- Born: November 8, 1973 (age 51) Putnam, Connecticut
- Genres: Singer-songwriter
- Occupation(s): Musician, songwriter
- Instrument(s): Vocals, guitar
- Years active: 2000–present
- Labels: Kiam Records, Matador Records, Red Panda
- Website: http://jenniferoconnor.net/

= Jennifer O'Connor (musician) =

American singer-songwriter

Jennifer O'Connor (born November 8, 1973) is an American singer-songwriter. She has released a series of well-regarded solo albums, and has either toured or played with Wilco, the Indigo Girls, Feist, Yo La Tengo, Dump, and the Mountain Goats, among other bands and musicians. Paste magazine has called her a "songwriter's songwriter", describing her albums as "master classes in economy and clarity."

While she is one of a limited number of notable independent musicians who is publicly out as gay, she does not write music obviously targeted to a gay audience. She is based in Brooklyn and in addition to writing and performing her own music, she also runs a record label, Kiam Records, with seven other artists on its roster.

==Background==

O'Connor was born in Putnam, Connecticut, and moved with her family to Florida while in high school. She did not learn to play guitar until she was 22, after graduating from Emory University. Her first performing experience came as part of the Atlanta-based band Violet, a group that was compared at the time to the Pixies and X.

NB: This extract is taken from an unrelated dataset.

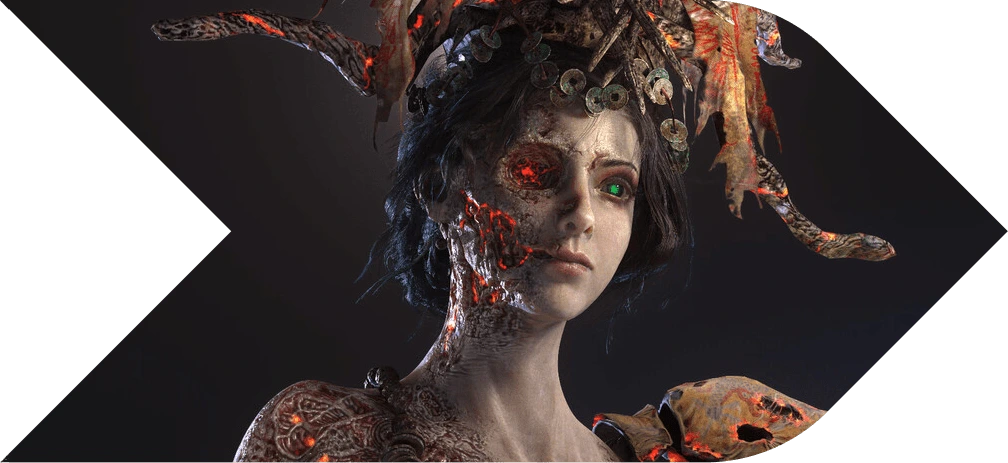 Illustration of a woman with one green eye, a glowing red orb for the other, and a half-decayed body with lava-like patterns.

After quitting the band she moved to New York City in 2000 and began playing solo. She supported herself by working a series of odd jobs in book stores and record stores. The most enjoyable and useful job she landed was working in the publicity office at the well-known music venue/record label the Knitting Factory."I’d work in the office all day, then go have some beer and watch a show," she told Time Out New York in 2006, about her experience there. "As someone who wanted to play music, it was incredibly inspiring being around all of that."

==Career==

Her first recording was an EP that she self-released in 2000 called Truth Love Work. Reviewing the disc, Time Out New York wrote: "O'Connor is another Liz Phair or Elliott Smith waiting to happen" and praised her "understated guitar-based songs" and "matter of fact lyrics."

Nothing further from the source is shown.